Oh Nina... I can't imagine how wonderful it must have been to see so many... I saw a couple roadside, far off, in Michigan, and my first ever, here in NJ, just minutes from my house.... but this is so beautiful!

holdingmoments said...

An excellent post and pictures Nina. I felt as though I was there, witnessing such an amazing spectacle.

nina at Nature Remains. said...

Laura--We share a common handicap in that we grew up and lived in the east. These magnificent birds are something the majority of the country finds quite common. I had only read about them until last year, and like you, was thrilled to find just one or two. You really do not comprehend the essence of this bird until you see them by the thousands. Find a place to find them. You will remember it always.

Lynne at Hasty Brook said...

I've seen Sandhill Cranes from time to time throughout the year but watched them gather at a staging area in Crex Meadows in eastern Wisconsin. It was my first time to see them float out of the sky, bugling their calls. The experience brought me to tears and is something I will never forget. I'm glad you got to see it too.

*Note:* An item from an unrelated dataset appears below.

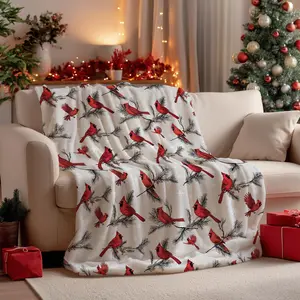 Horaldaily Christmas Flannel Blanket Throw with Cardinal Bird Pine Cone Design Soft Fuzzy Plush Cozy Fleece for Couch Sofa Bed Lounging Ideal Gifts for Kids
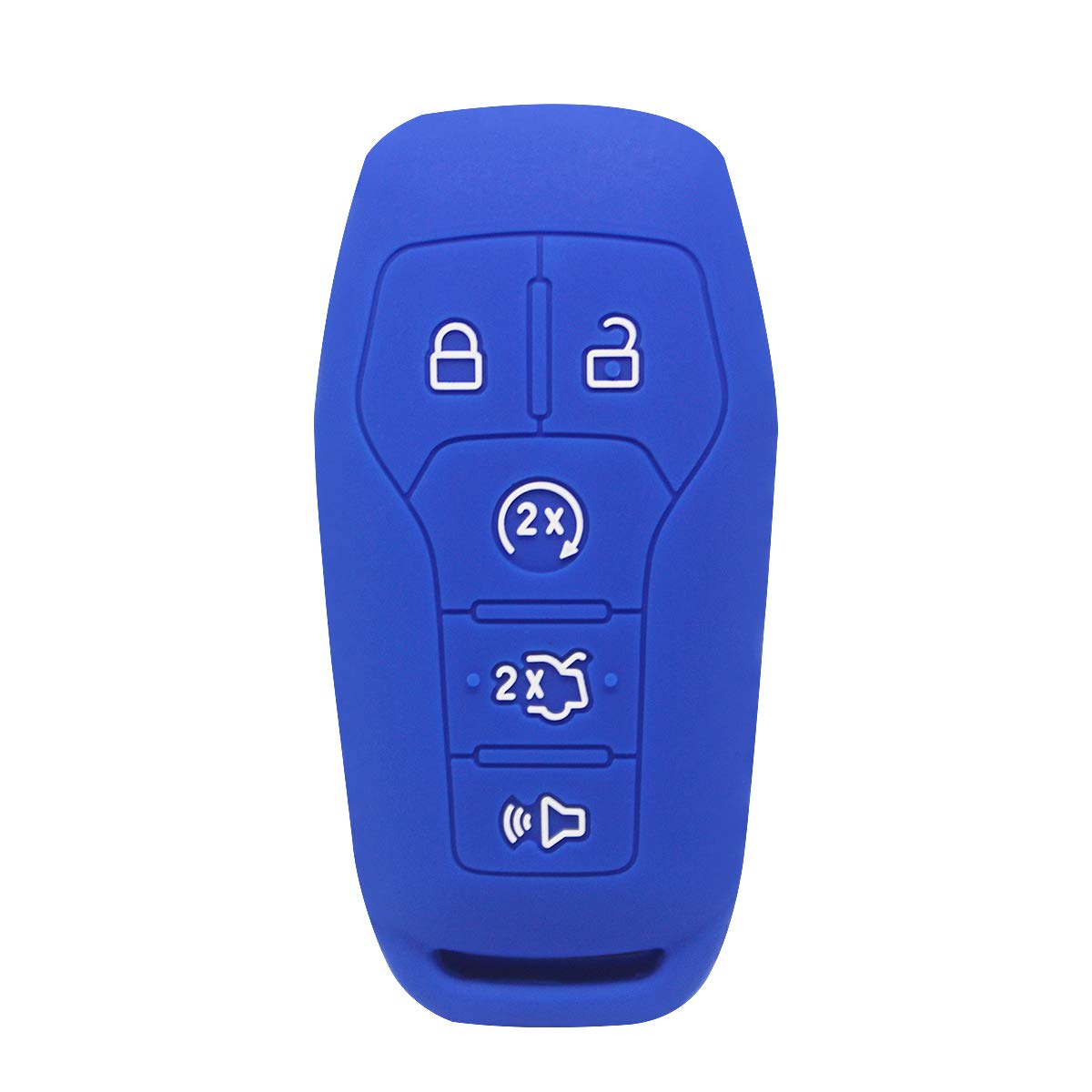 BTSMONE Silicone Key Fob Cover Case Skin Jacket for Ford F-150 Lincoln Fusion MKZ Mustang MKC 5 Buttons Smart Key Blue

Happy Thanksgiving to you and your family Nina.

Kelly said...

...really enjoyed this post, Nina. I saw Sandhills for the first time this fall. I've fallen in love with them.

Deborah Godin said...

Absolutely stunning word-and-photo essay on these wonderful creatures!

Cicero Sings said...

I can't imagine seeing all those cranes at once. What an opportunity! I too have felt honoured to see the one or two isolated ones that we get around here in the summer.

Heather said...

Fantastic, beautiful, and magical.
(psst, happy thanksgiving!)

Susan said...

Oh My...that's just plain magic. Wow. I've seen a few here in the east..but never, ever by the 1000's
Beautfiul photography too.

Ruth said...

Amazing pictures! I could just imagine the noise. Many Sandhill Cranes spend the summer on Manitoulin Island in Lake Huron and we may see a dozen in a day. Nothing like this though.

The Tile Lady said...

Great trip, Nina! And some amazing shots! How wonderful!